• [What this task involves]:
Find the line that contains "打幹細胞對腦出血偏癱患者有效果嗎,可信嗎? 打幹細胞對腦" in the entries below. Restate it and every line after it, word for word, with no pictures.

══ The input

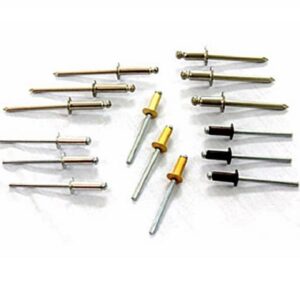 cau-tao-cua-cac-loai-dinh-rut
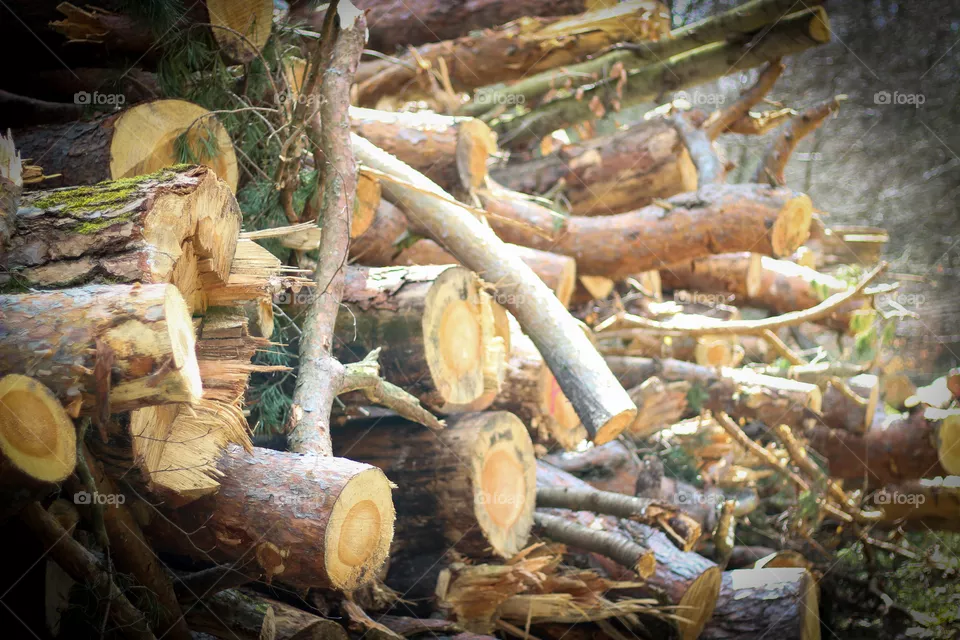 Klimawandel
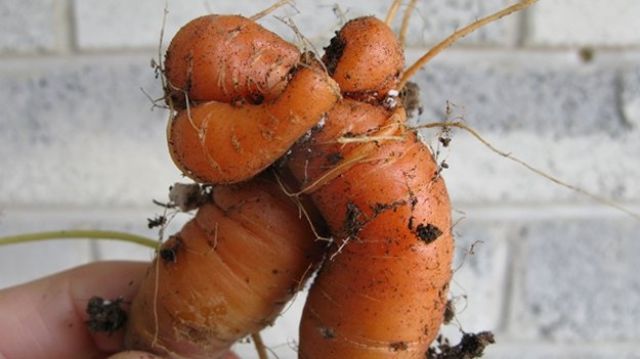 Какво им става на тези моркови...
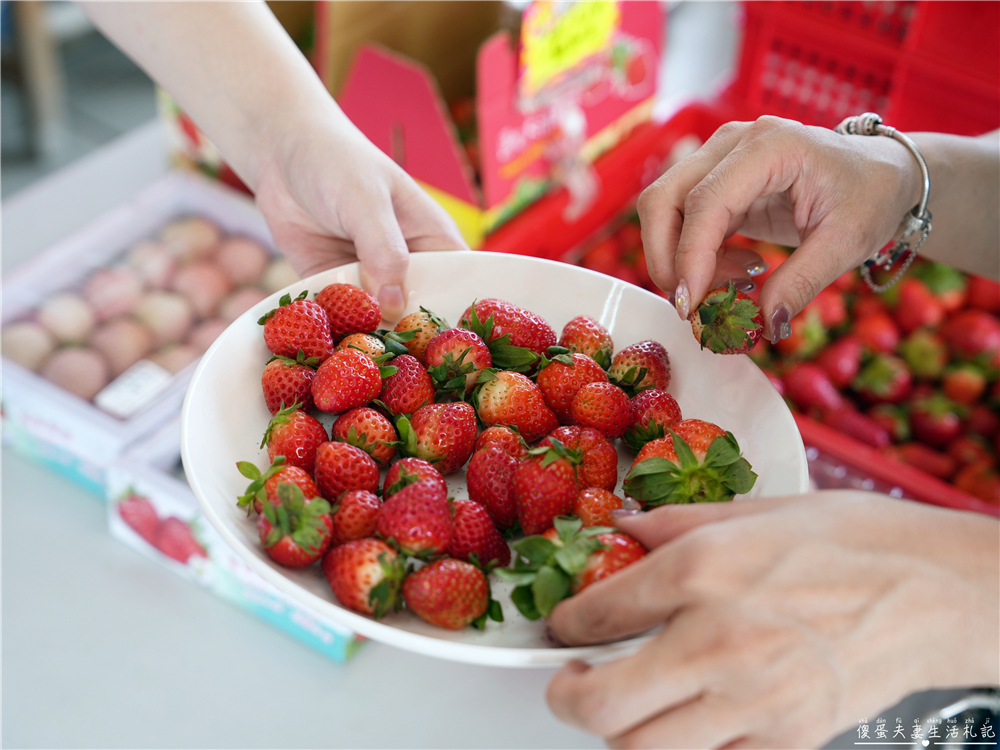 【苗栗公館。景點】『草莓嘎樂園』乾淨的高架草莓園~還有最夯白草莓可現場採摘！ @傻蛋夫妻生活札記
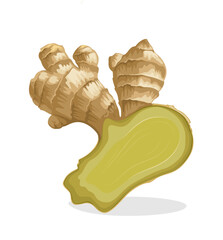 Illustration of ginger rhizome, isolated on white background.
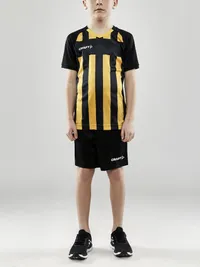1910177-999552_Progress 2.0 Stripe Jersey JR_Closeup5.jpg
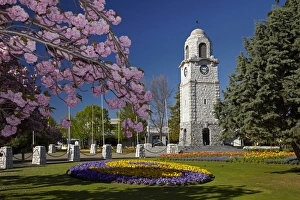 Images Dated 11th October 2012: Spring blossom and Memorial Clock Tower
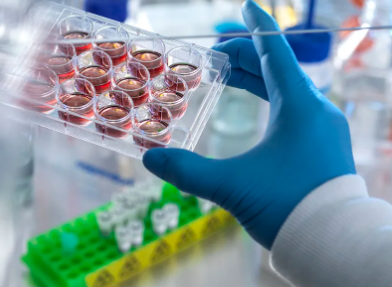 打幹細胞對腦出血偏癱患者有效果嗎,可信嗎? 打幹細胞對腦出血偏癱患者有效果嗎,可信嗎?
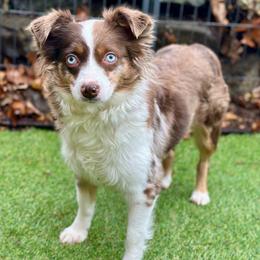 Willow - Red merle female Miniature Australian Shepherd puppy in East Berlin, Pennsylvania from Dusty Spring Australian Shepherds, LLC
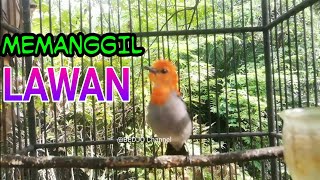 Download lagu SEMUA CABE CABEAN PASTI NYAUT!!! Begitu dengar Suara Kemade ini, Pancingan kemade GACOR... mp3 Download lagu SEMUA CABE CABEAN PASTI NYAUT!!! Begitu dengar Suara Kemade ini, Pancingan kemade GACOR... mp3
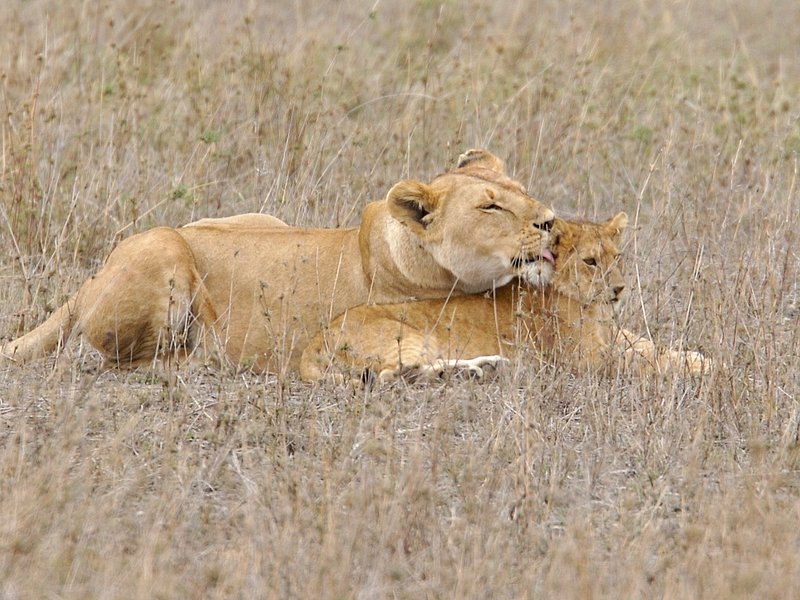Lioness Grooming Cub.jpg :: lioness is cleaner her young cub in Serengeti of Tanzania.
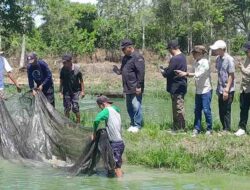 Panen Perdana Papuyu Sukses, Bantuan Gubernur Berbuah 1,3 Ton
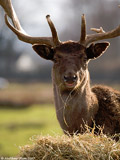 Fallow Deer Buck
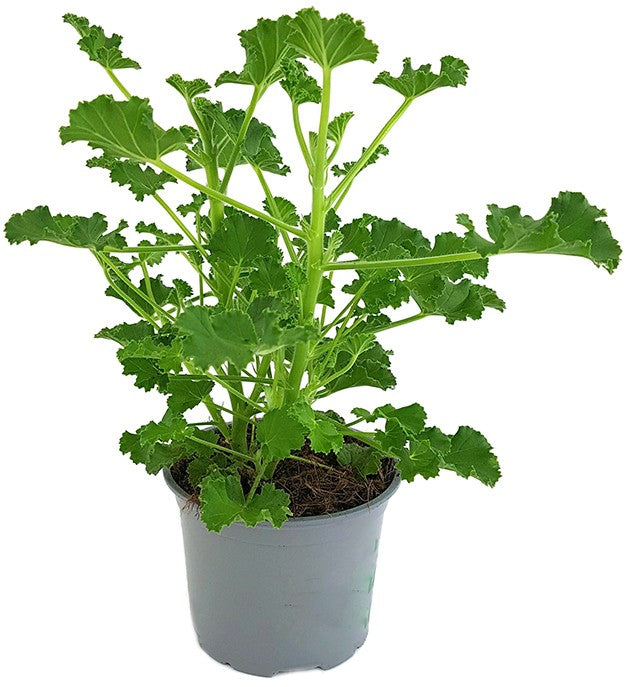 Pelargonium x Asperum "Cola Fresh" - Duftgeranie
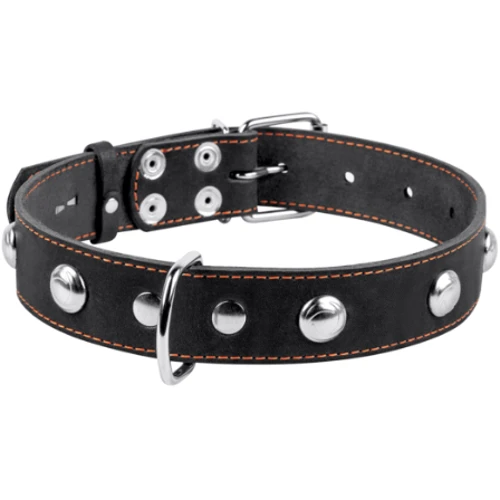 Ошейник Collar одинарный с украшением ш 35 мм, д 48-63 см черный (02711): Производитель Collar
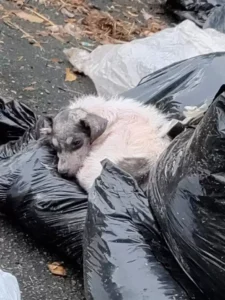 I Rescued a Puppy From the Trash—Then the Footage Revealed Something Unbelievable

════

• [Result of the task]:
 打幹細胞對腦出血偏癱患者有效果嗎,可信嗎? 打幹細胞對腦出血偏癱患者有效果嗎,可信嗎?
 Willow - Red merle female Miniature Australian Shepherd puppy in East Berlin, Pennsylvania from Dusty Spring Australian Shepherds, LLC
 Download lagu SEMUA CABE CABEAN PASTI NYAUT!!! Begitu dengar Suara Kemade ini, Pancingan kemade GACOR... mp3 Download lagu SEMUA CABE CABEAN PASTI NYAUT!!! Begitu dengar Suara Kemade ini, Pancingan kemade GACOR... mp3
Lioness Grooming Cub.jpg :: lioness is cleaner her young cub in Serengeti of Tanzania.
 Panen Perdana Papuyu Sukses, Bantuan Gubernur Berbuah 1,3 Ton
 Fallow Deer Buck
 Pelargonium x Asperum "Cola Fresh" - Duftgeranie
 Ошейник Collar одинарный с украшением ш 35 мм, д 48-63 см черный (02711): Производитель Collar
 I Rescued a Puppy From the Trash—Then the Footage Revealed Something Unbelievable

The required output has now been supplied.